Gigabyte GA-8N-SLI Quad Royal review
If we had to name the one most significant technology trend during 2005, it would be increased parallelism. Dual-core CPUs and hugely parallel graphics cards stole many of the performance headlines, while dual-card SLI (Scalable Link Interface) went mainstream and ATi launched its response with CrossFire; two was the magic number for 2005. But this year, the industry looks set to skip three and move straight onto four, with Gigabyte already managing to shoehorn four PCI Express graphics slots onto this dual-core-capable motherboard.
How the Gigabyte engineers have managed this is surprisingly straightforward, on paper at least – they’ve combined the architectures from both AMD and Intel versions of nVidia’s nForce4 chipset. The nForce4 SLI Intel Edition north bridge attaches to an AMD south bridge using the same HyperTransport bus that the AMD version uses to talk to an Athlon 64. So Gigabyte has paired these two apparently disparate north and south bridge chips together using this common interface. And, as both chips are SLI versions, each can provide two PCI Express graphics slots.
But before you rush out to buy a Quad Royal, jam in four 7800 GTX 512s and post the highest 3D scores ever, note that you can’t actually use SLI over four slots. The first hurdle to overcome is for nVidia to actually release drivers that address more than two GPUs.
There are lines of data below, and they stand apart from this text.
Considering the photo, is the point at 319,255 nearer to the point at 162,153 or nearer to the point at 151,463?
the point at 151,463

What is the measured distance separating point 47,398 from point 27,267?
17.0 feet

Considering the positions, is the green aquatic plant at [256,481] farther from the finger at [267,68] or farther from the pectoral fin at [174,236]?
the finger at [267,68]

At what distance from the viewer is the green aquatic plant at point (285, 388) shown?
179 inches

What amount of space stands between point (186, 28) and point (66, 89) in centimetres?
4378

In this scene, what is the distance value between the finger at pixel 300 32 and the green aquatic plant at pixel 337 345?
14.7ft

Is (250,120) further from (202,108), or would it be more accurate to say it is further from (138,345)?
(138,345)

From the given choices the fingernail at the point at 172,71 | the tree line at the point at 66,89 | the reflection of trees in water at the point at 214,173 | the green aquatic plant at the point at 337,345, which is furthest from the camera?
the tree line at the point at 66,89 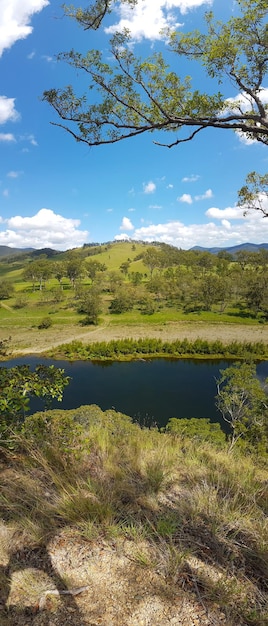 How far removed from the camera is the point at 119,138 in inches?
238

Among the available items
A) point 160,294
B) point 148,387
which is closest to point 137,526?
point 148,387

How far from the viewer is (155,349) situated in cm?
5109

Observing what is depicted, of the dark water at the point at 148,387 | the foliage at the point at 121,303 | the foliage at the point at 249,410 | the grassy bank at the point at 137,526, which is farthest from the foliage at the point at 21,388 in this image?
the foliage at the point at 121,303

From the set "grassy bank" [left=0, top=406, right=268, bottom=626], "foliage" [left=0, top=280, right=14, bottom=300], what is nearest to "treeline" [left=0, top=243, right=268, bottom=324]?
"foliage" [left=0, top=280, right=14, bottom=300]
There’s no technical reason why SLI can’t scale up to four GPUs or more, but two high-end cards are enough to play the newest games at their best for at least a year, so it’s unlikely it will be a high priority for either consumers or developers.
The second hurdle is that SLI bridge connectors link only two cards. This dedicated high-speed data link is the only way to shift the huge amounts of data from one GPU straight into another at acceptable speeds. The 2GB/sec HyperTransport link struggles to relay the information between two cards quickly enough now, let alone split a render load four ways to allow each GPU to communicate with any other.
It’s actually feeding an array of monitors that’s the point of this motherboard, and with four cards settled in the four slots it will give you eight monitors easily enough. And then there’s the PCI slot that could conceivably take a legacy graphics card, squeezed between slots three and four. That’s a maximum ten-screen array, gratuitous for even complex video-editing or music-creation facilities.
SLI is still viable, providing you can live with keeping it to only six screens. Use the second slot for a low-cost, dual-output card and SLI your gaming cards over the AMD chipset-governed third and fourth slots. This is the only configuration that will allow for switching between an extended Desktop and SLI without having to remove cards. The BIOS won’t let you send data to the first slot if the third and fourth share bandwidth for SLI, and SLI won’t work if a graphics card is sitting in the first slot, regardless of whether it’s actually doing anything.
We used an XFX 6600 GT for basic dual output (a much cheaper 6200 TC would work just as well) and PNY kindly loaned us two 7800 GTXs for slots three and four. When you want to switch from your massive Desktop to work in SLI, it’s then a case of turning on SLI multi-GPU rendering in the graphics driver. The monitors fed by the slave SLI card will then turn off as it devotes itself to the master card. You’ll need to ensure that the monitor on which you play games is fed by the primary output of the master SLI card too, and that it’s set as your primary monitor in Windows.